The middle class is getting squeezed from every direction and is sadly disappearing. In 2008, according to Pew Research Center, 53% of adults considered themselves middle class. A scant 6 years later in 2014, as Figure 3 illustrates, that number had dropped precipitously to 44%. At this rate of decline, in 30 years there'll be no middle class left! For the class warriors, don't worry, be happy—the self-identified upper class has shrunk from 21% to 15% in that same 6-year span, so they'll be gone in just 15 years!
For a larger view, please click on the image above.
We're being deliberately provocative; we do not expect this to happen because pendulums swing both ways. But this particular swing of the pendulum is profoundly disturbing and is doing a lot of damage to what was once called "American exceptionalism."
New business start-ups suffer too. Individual investors hesitate to fulfill their dreams of beginning their own businesses—home to the majority of our economy's jobs—because they don't know the cost of capital. Near-zero interest rates aren't available to them, and the future cost of capital is unknown but presumed to be higher. The prospective regulatory regime three to five years hence is shrouded in mystery too. Corporations, like investors, are deeply wary about long-horizon investments with uncertain prospects. Why plow funds into long-term risky business ventures when low-risk (but, of course, high-priced) stock is available for buybacks and can be funded with near-zero-rate financing? The endgame is that the economy stagnates and the middle class slowly slips underwater. Is this speculation or fact? January 2016 was one of only a few months since the Great Depression with no IPOs.
The fears surrounding the global economy and the calls for negative interest rates highlight the uncertainty surrounding the near future. When central banks finally step away from overt market interventions, however, capital market valuations will presumably revert to the levels that would prevail in the absence of intervention. Does anyone think that will mean higher price levels? Didn't think so. Accommodative monetary conditions inflate asset prices into asset bubbles that sooner or later will seek their fair value. If the interventions are artificially propping up asset prices, the average investor is justifiably wary. If fair values are lower, the good news is that, after the one-off adjustment, forward-looking returns will once again be sensible.

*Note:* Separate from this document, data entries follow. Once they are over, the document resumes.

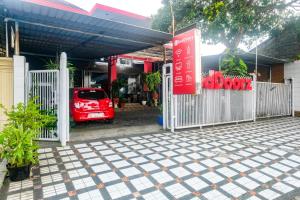 Fotografie z fotogalerie ubytování RedDoorz near Batik Tulis Celaket 2 v destinaci Malang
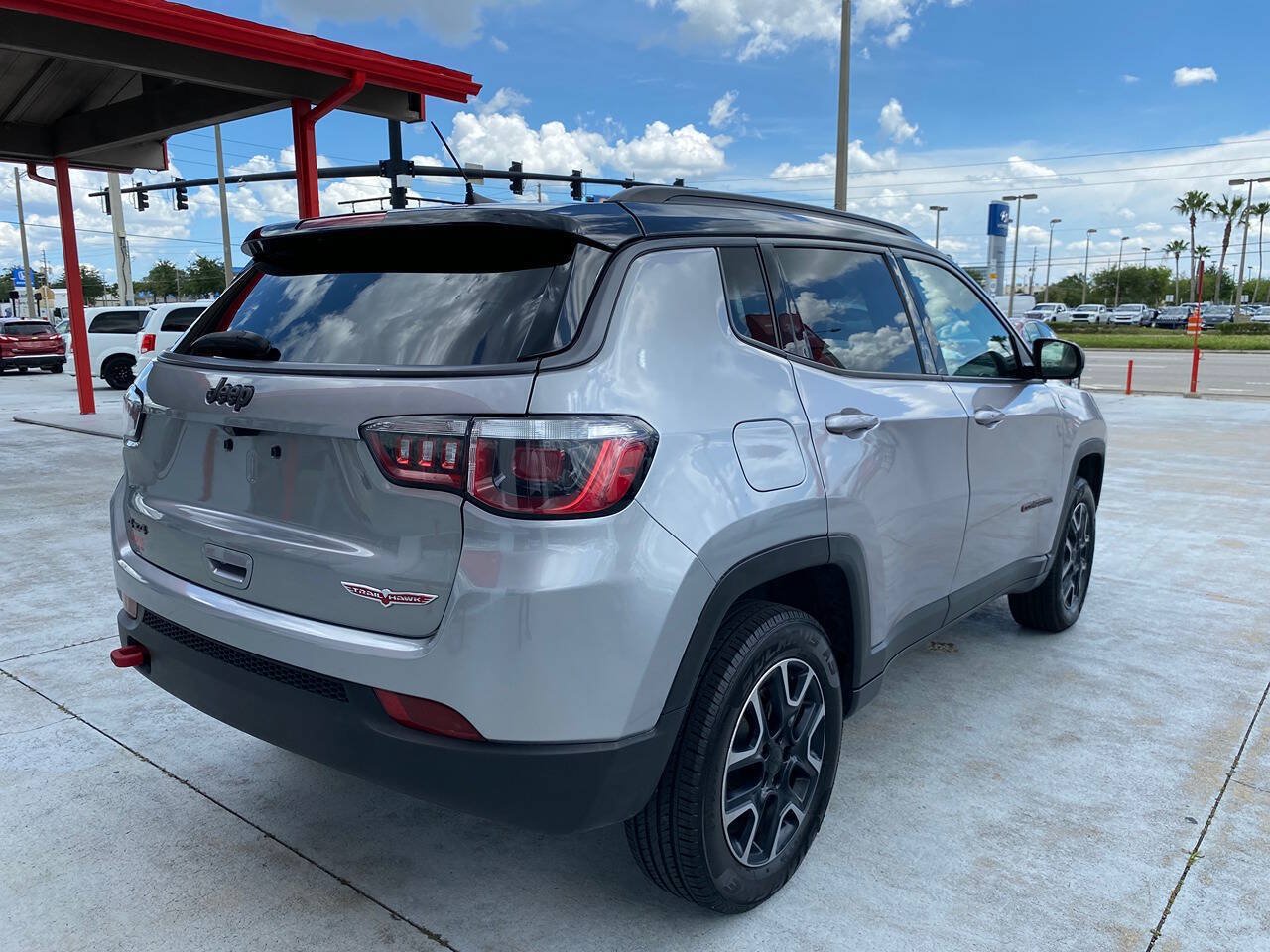 Used 2019 Jeep Compass Trailhawk AWD/4WD image 7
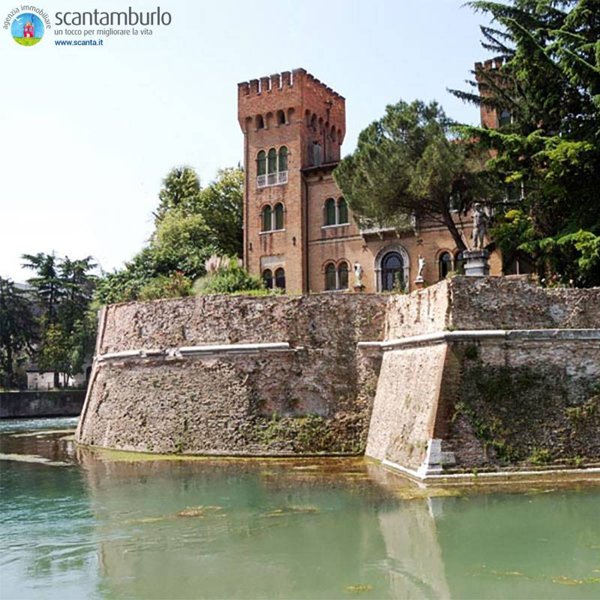 negozio in vendita a Treviso in zona Santa Bona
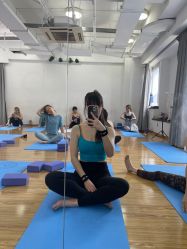 -亚太瑜伽普拉提学院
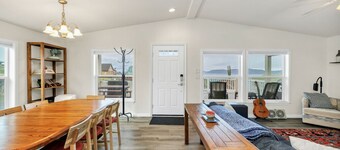 Juuust Right - Gorgeous view, 5 mins from the lake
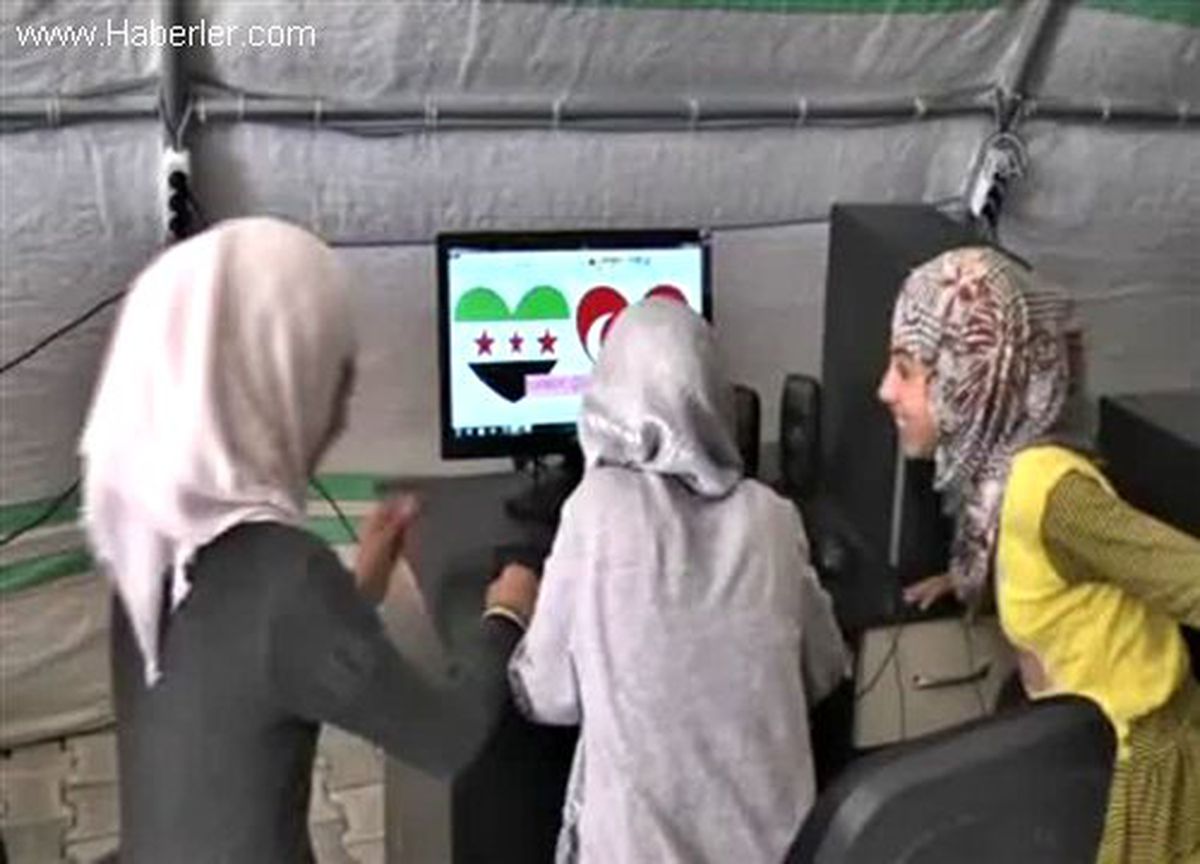 Bilgisayarı çadır kentte öğrendiler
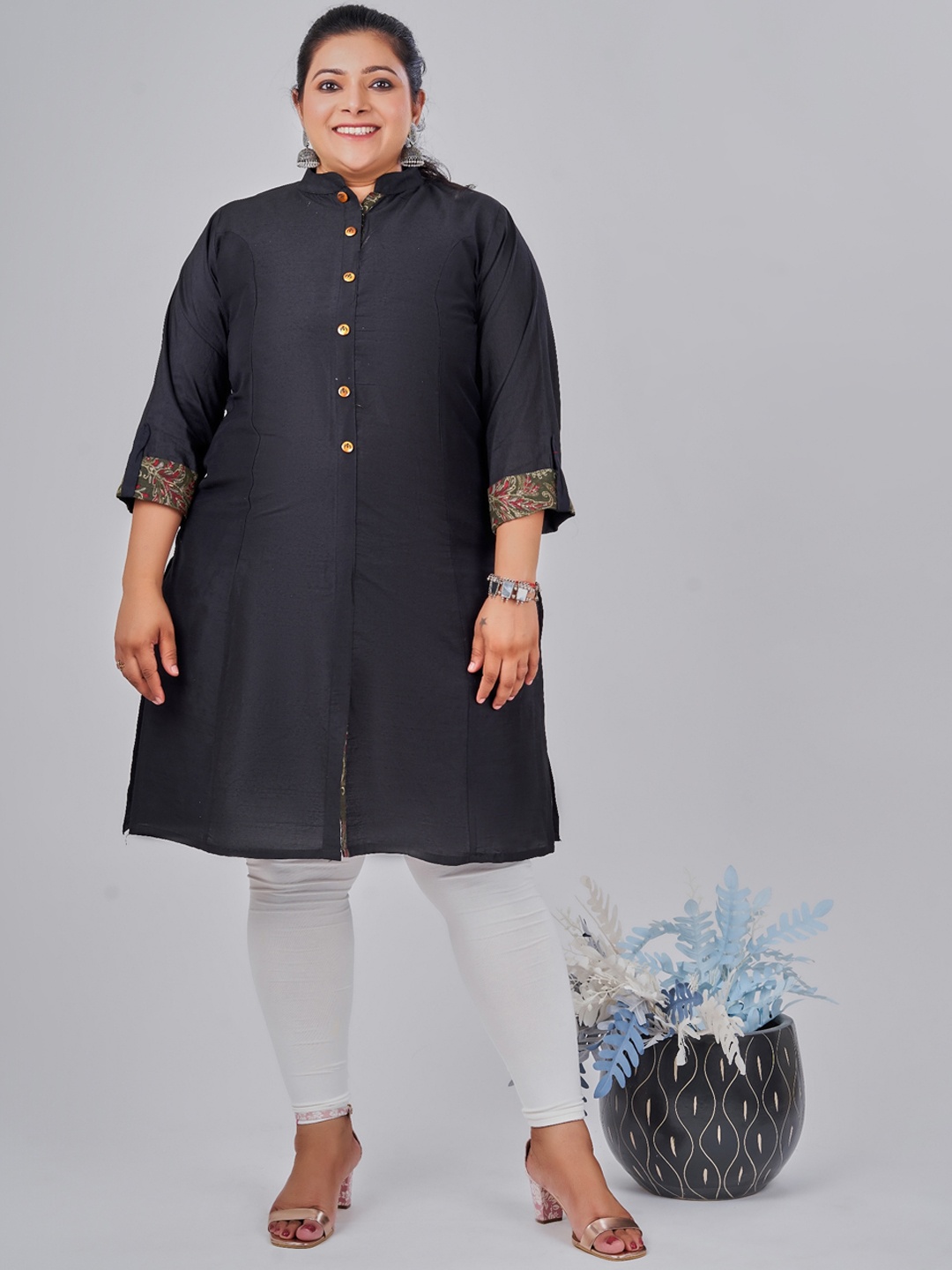 

NAYRA Plus Size Mandarin Collar Kurta, Black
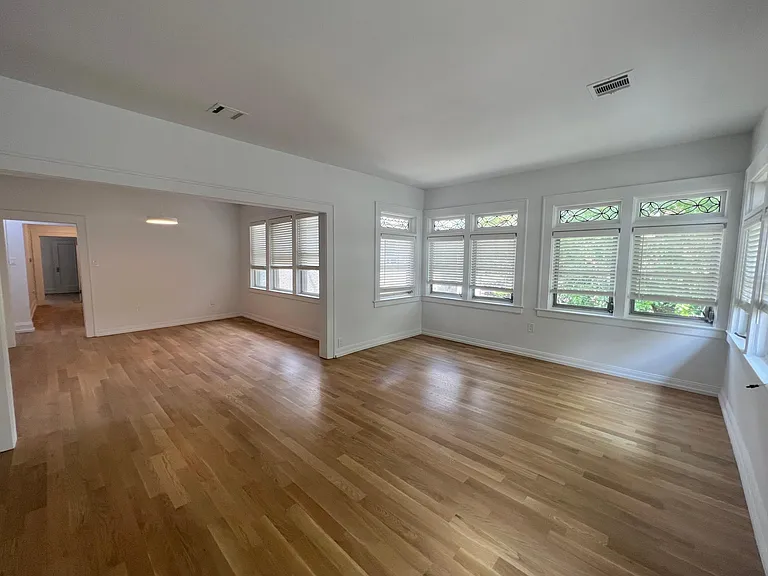 1615 John F Kennedy Blvd #2 — Photo 1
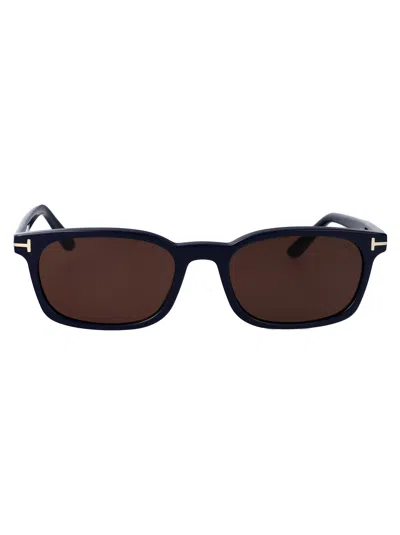 Tom Ford Squared Sunglasses Ft1300 90 E In Brown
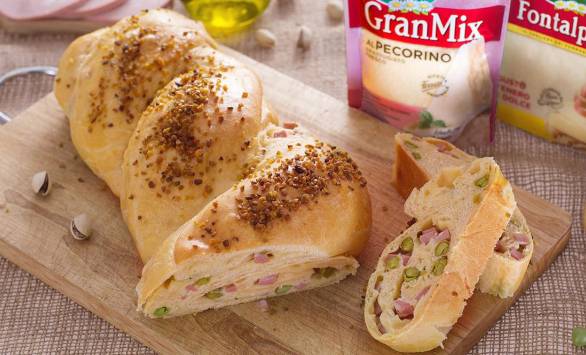 Pane intrecciato ripieno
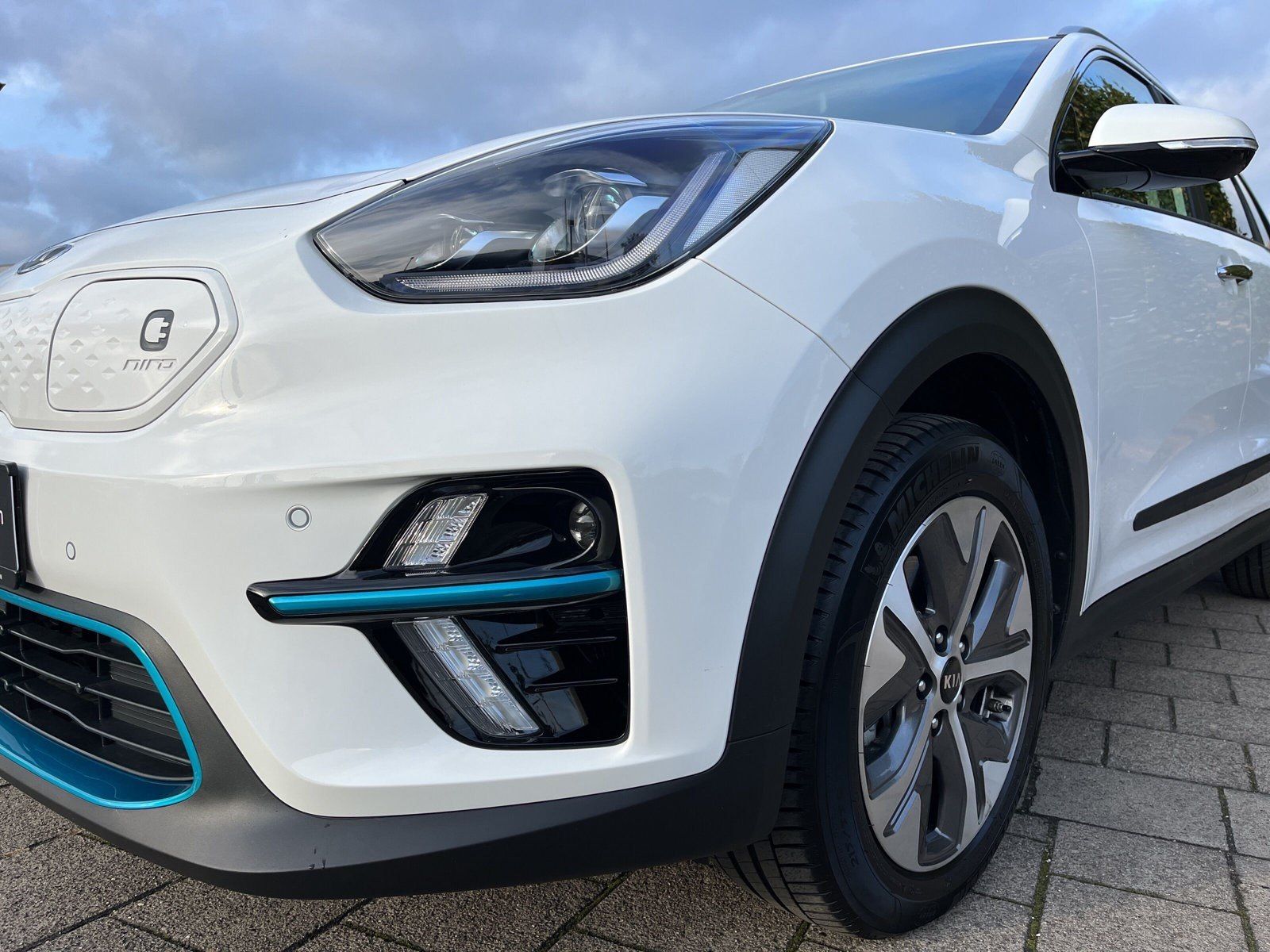 Fahrzeugabbildung Kia e-Niro Spirit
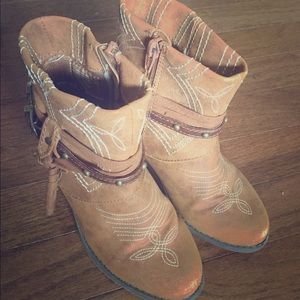 Cherokee girls cowgirl boots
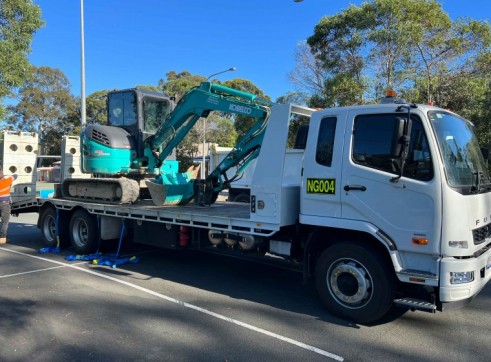 5.5T Kobelco Excavator 2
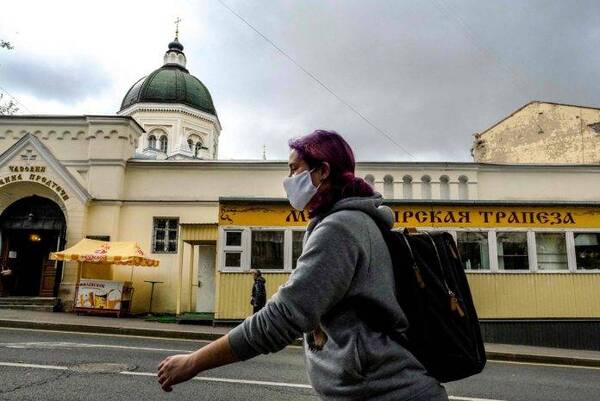 Crónica / Estudiantes paraguayos en Rusia ya sienten en su economía efectos de la guerra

Big Brother cannot take care of us. Only we can do that. Big Brother is us; the government is us. If we think a bureaucrat can take care of us better than we can take care of ourselves, or cares more about us than we care about ourselves, we're deluded. The more we think we can offload our own responsibility for self-reliance—the longer we take to look under the bun and ask, "Where's the beef?"—the more we invite our elite leaders to continue with the interventionist policies that have inflicted so much damage already.
NOTE: Benjamin Disraeli (1804-1881) served twice as Britain's prime minister and famously described the three kinds of deception, hierarchically from least to worst, as "lies, damned lies, and statistics."